Schleswig-Holsteins Oberlandesgericht sagt Ja zur Auslieferung des katalanischen Separatistenführers Carles Puigdemont. Doch vorerst bleibt er weiter in Deutschland - und prüft weitere Schritte.

Schleswig (dpa) - Nach monatelangem juristischen Gerangel soll der katalanische Separatistenführer Carles Puigdemont an Spanien ausgeliefert werden.

Das schleswig-holsteinische Oberlandesgericht (OLG) erklärte eine Auslieferung des Politikers wegen des Vorwurfs der Veruntreuung für zulässig, nicht jedoch wegen Rebellion, dem Hauptvorwurf der spanischen Justiz. Damit darf Puigdemont in Spanien nur wegen Veruntreuung belangt werden.

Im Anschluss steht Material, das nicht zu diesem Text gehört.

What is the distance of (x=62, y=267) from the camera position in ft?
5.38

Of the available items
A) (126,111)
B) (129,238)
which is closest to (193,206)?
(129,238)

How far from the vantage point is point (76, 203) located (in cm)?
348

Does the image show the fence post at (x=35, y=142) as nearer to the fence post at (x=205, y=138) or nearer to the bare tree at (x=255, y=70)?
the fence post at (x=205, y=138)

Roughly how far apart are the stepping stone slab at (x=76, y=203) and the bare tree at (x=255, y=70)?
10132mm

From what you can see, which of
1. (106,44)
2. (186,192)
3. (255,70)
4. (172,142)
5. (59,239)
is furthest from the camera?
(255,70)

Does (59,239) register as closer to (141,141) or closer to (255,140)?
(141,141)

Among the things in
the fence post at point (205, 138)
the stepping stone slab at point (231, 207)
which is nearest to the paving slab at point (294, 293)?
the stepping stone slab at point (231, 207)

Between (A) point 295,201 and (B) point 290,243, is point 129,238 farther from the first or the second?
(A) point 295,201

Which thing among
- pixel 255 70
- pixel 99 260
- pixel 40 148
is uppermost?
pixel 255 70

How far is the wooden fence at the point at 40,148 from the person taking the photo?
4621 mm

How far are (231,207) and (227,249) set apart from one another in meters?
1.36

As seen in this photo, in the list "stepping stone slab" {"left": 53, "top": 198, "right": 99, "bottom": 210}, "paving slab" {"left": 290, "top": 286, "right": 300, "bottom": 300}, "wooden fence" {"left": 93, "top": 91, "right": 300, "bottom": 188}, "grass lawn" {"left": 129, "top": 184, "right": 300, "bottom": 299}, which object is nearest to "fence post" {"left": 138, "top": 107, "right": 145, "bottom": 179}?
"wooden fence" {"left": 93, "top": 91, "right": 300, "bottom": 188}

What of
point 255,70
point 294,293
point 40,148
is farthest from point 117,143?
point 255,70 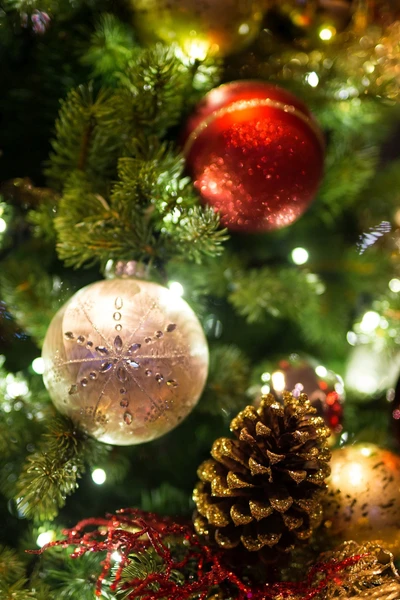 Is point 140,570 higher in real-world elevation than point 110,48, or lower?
lower

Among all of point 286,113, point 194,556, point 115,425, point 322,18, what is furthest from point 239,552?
point 322,18

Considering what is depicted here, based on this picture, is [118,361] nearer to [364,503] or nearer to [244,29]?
[364,503]

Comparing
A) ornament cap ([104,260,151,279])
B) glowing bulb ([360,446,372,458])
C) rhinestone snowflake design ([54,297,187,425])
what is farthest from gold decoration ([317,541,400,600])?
ornament cap ([104,260,151,279])

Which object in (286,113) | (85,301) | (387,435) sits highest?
(286,113)

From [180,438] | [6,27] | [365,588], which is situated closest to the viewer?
[365,588]

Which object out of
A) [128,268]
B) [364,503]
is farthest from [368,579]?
[128,268]

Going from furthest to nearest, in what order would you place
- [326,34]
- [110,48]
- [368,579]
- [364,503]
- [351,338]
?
[351,338], [326,34], [110,48], [364,503], [368,579]

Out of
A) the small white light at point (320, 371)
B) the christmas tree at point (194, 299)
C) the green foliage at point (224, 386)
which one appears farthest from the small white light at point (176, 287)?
the small white light at point (320, 371)

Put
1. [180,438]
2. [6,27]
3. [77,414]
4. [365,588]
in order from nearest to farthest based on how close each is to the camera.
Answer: [365,588] < [77,414] < [6,27] < [180,438]

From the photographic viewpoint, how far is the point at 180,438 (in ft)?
2.66

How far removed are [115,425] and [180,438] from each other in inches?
11.4

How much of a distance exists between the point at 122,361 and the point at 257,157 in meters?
0.28

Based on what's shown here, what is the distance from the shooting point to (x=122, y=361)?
52 cm

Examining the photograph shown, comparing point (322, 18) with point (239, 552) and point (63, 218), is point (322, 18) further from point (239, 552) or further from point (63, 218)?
point (239, 552) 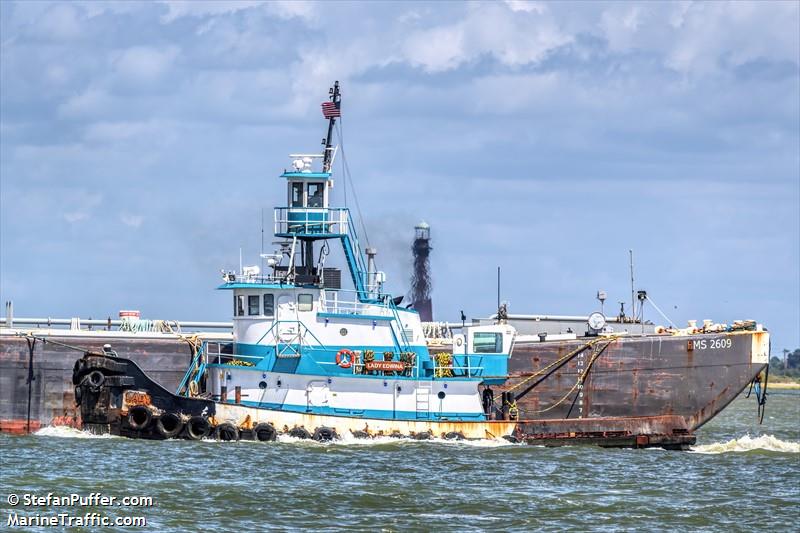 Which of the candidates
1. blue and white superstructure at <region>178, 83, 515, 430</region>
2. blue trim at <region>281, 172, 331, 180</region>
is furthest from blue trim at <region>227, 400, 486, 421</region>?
blue trim at <region>281, 172, 331, 180</region>

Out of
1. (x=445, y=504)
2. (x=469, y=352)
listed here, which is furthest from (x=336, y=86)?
(x=445, y=504)

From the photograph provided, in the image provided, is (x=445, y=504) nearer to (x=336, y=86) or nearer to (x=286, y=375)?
(x=286, y=375)

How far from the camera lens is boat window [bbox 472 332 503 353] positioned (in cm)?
4697

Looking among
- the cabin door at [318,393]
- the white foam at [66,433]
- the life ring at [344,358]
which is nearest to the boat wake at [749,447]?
the life ring at [344,358]

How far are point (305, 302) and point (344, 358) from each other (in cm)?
231

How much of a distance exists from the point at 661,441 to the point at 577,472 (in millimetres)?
7738

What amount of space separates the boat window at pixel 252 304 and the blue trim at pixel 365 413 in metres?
3.22

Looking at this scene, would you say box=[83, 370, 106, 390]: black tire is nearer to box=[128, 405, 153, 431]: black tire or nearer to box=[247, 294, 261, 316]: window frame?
→ box=[128, 405, 153, 431]: black tire

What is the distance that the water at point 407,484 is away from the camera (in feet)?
102

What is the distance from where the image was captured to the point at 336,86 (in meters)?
48.7

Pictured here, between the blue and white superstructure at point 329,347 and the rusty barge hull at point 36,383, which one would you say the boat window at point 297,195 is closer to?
the blue and white superstructure at point 329,347

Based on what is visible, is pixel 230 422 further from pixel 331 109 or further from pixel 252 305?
pixel 331 109

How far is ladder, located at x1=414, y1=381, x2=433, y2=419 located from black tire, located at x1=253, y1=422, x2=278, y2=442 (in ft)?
16.8

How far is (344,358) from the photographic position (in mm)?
46000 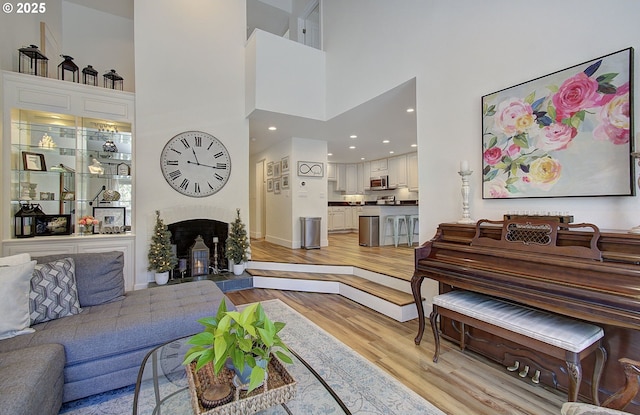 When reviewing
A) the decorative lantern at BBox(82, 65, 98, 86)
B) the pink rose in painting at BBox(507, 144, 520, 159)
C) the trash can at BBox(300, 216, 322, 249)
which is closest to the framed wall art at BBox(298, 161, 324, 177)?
the trash can at BBox(300, 216, 322, 249)

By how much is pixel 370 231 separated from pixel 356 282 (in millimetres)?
2465

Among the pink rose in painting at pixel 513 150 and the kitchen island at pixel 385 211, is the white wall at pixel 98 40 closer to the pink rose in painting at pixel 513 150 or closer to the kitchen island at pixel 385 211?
the kitchen island at pixel 385 211

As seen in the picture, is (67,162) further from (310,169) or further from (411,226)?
(411,226)

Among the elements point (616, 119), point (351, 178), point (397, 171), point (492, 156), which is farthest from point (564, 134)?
point (351, 178)

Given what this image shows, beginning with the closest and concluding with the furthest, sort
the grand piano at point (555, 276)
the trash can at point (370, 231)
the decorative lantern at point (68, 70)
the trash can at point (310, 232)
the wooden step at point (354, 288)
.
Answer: the grand piano at point (555, 276) → the wooden step at point (354, 288) → the decorative lantern at point (68, 70) → the trash can at point (310, 232) → the trash can at point (370, 231)

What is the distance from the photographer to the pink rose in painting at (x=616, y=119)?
1.71 m

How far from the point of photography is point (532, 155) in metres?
2.16

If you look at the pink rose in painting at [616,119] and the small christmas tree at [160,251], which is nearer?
the pink rose in painting at [616,119]

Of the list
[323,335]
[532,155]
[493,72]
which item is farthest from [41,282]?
[493,72]

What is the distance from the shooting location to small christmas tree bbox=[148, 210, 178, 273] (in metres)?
3.73

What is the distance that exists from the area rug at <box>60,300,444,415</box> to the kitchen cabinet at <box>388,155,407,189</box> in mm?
6341

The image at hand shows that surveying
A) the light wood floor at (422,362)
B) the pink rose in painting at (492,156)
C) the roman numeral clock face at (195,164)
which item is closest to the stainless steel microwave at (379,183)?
the light wood floor at (422,362)

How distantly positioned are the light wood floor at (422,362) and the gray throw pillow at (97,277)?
1.51 m

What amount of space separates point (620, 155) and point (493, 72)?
1.18m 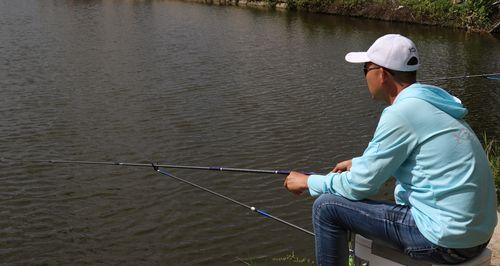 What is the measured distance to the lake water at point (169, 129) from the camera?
274 inches

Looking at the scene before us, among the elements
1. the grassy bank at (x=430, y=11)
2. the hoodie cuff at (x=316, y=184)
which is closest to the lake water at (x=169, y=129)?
the hoodie cuff at (x=316, y=184)

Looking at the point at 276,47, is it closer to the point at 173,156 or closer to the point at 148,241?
the point at 173,156

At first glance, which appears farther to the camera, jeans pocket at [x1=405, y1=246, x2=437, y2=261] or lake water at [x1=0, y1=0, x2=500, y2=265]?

«Der Senat geht davon aus, dass die spanischen Gerichte diesen Grundsatz beachten und nicht etwa den Verfolgten Puigdemont nach der Auslieferung wegen des Vorwurfs der Korruption auch noch wegen Rebellion verfolgen werden», erklärte das Schleswiger Gericht.

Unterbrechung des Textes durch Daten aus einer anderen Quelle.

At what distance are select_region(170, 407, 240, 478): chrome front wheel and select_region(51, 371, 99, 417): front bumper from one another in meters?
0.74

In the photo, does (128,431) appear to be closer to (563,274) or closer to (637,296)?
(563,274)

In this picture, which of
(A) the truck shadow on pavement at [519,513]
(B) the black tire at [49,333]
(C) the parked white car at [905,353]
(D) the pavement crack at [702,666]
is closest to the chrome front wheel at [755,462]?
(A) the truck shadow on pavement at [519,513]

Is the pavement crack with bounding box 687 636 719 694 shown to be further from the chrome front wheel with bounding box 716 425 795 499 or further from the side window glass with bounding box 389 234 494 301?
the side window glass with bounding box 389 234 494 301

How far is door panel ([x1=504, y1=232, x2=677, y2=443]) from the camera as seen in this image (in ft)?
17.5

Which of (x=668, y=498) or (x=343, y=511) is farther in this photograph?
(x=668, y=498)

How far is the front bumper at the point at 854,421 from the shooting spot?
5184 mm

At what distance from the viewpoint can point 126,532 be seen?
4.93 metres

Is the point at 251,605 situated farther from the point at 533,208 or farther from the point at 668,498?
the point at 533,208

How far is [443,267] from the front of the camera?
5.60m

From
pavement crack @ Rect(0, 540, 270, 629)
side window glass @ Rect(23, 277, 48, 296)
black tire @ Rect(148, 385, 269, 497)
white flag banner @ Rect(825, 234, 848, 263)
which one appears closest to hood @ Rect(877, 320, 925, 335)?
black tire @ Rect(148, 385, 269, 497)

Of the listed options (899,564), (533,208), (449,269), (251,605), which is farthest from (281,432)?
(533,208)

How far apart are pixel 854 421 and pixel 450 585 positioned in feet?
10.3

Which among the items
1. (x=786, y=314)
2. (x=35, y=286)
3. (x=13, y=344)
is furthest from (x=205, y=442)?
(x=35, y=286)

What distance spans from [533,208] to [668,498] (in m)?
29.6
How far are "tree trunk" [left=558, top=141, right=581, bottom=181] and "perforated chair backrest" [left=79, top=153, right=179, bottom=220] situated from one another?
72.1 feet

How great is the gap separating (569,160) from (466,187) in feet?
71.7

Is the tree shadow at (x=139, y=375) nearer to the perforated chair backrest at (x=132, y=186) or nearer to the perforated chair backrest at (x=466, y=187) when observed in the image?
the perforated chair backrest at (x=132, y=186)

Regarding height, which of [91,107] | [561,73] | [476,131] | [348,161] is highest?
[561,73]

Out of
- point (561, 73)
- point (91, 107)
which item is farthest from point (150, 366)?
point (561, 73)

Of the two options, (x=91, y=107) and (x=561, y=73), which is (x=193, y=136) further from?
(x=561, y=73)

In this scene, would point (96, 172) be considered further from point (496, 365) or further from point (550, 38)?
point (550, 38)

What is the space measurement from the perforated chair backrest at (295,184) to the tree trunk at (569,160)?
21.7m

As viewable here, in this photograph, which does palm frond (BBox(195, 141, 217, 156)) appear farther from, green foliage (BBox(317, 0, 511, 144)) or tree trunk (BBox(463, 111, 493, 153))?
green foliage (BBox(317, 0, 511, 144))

Puigdemonts Anwälte kündigten an, beim Bundesverfassungsgericht in Karlsruhe Einspruch gegen den Auslieferungsbeschluss einlegen zu wollen. Das sagte Anwalt Jaume García-Cuevillas dem katalanischen Fernsehsender TV3. Man werde vorbringen, dass es in Spanien «keine Garantien für einen fairen Prozess» gebe. Außerdem werde man «Widersprüche» in der Anklage der spanischen Justiz wegen Veruntreuung geltend machen.

Hintergrund der seit Monaten laufenden juristischen Auseinandersetzung um den katalanischen Politiker ist das Unabhängigkeitsreferendum vom Oktober 2017. Puigdemont ließ es abhalten, obwohl die Zentralregierung und Gerichte es als verfassungswidrig eingestuft hatten. Es kam damals zu gewalttätigen Ausschreitungen gegen spanische Polizisten. Für das Referendum wurden laut spanischer Justiz 1,6 Millionen Euro ausgegeben. Sie wirft Puigdemont Rebellion und Veruntreuung öffentlicher Mittel vor. Er bestreitet beide Vorwürfe.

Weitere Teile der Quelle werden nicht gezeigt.